La légende explicative du tableau consacré aux autochtones sur le site internet de la troupe, intitulé « Danse amérindienne », est sans équivoque. Elle ne laisse aucun doute sur l’intention de la proposition artistique : « Au son du tambour, un jeune danseur amérindien évoque les mythes et légendes qui symbolisent le cercle infini de la vie ». Plus largement, comme l’indique le visuel de l’affiche et des documents publicitaires de promotion, la culture amérindienne est générique, matricielle dans ce spectacle qui cristallise et amplifie efficacement, de façon décomplexée, tous les clichés « indianistes » et « orientalistes » les plus éculés. Et pourtant, cette essentialisation de l’indien passe significativement sous les radars de l’activisme des partisans de la diversité et des défenseurs de l’intégrité des communautés des Premières Nations, en dépit de sa responsabilité dans la reproduction de stéréotypes ethno-raciaux éculés à l’ère postcoloniale.
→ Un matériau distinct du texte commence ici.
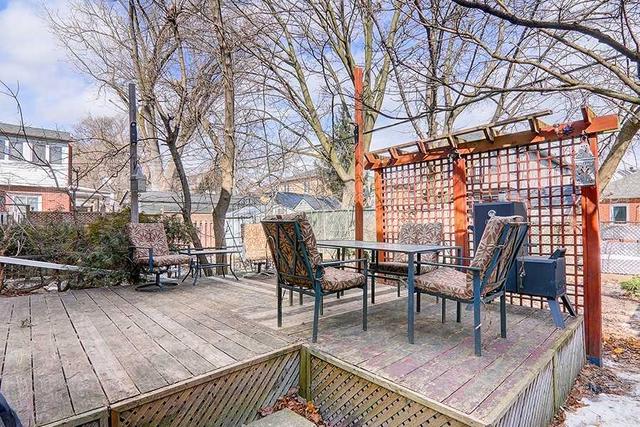 3 Inwood Ave, House detached with 3 bedrooms, 2 bathrooms and 2 parking in Toronto ON | Image 12
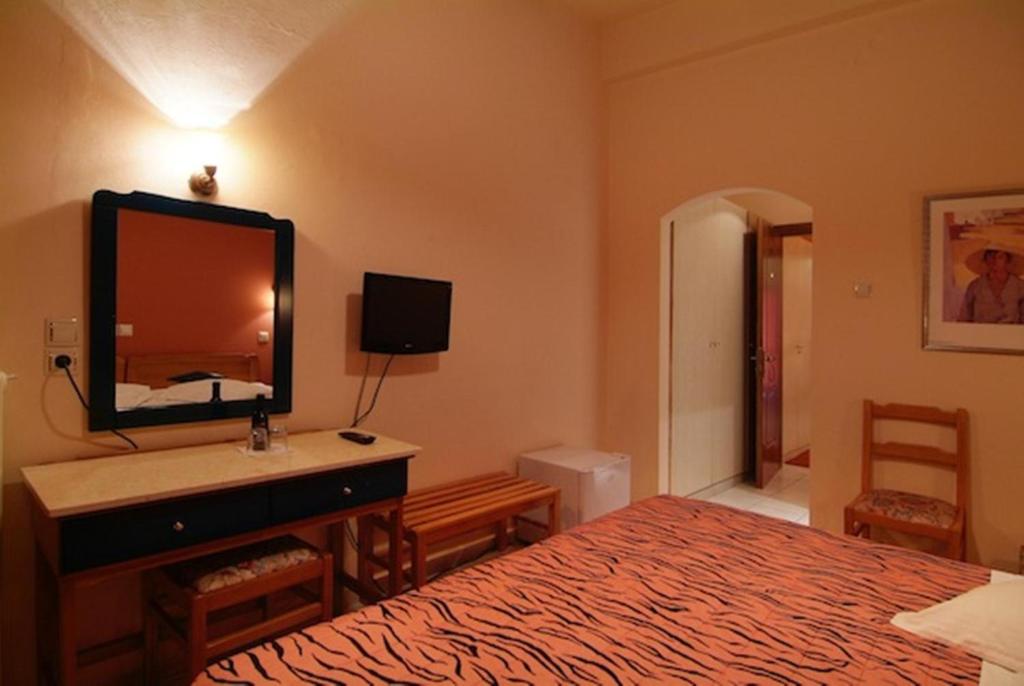 TV a/nebo společenská místnost v ubytování Hotel Varonos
Version intégrale à consulter dans le sommaire du Numéro 133 d' Alternatives Théâtrales : Quelle diversité culturelle sur les scènes européennes?
[1] Kanata, spectacle de Robert Lepage, avec le Théâtre du Soleil (Paris) et Ex Machina (Québec), Cartoucherie de Vincennes, du 19/12/2018 au 17/02/2019, dans le cadre de la 47ème édition du Festival d’Automne à Paris.
[2] Sylvie Martin-Lahmani, Martial Poirson (dir.), Diversité sur les scènes européennes ? Alternatives Théâtrales n°133, nov. 2017.
[3] Lettre au public du Théâtre du Soleil, 22/10/2018.
[4] Notamment le fameux quartier Downtown Eastside de Vancouver et sa rue Hastings, foyer de la prostitution, de la drogue et de l’exclusion.
[5] Totem, Le Cirque du Soleil, Plaine de jeux de Bagatelle, Bois de Boulogne, du 25/10/2018 au 30/12/2018.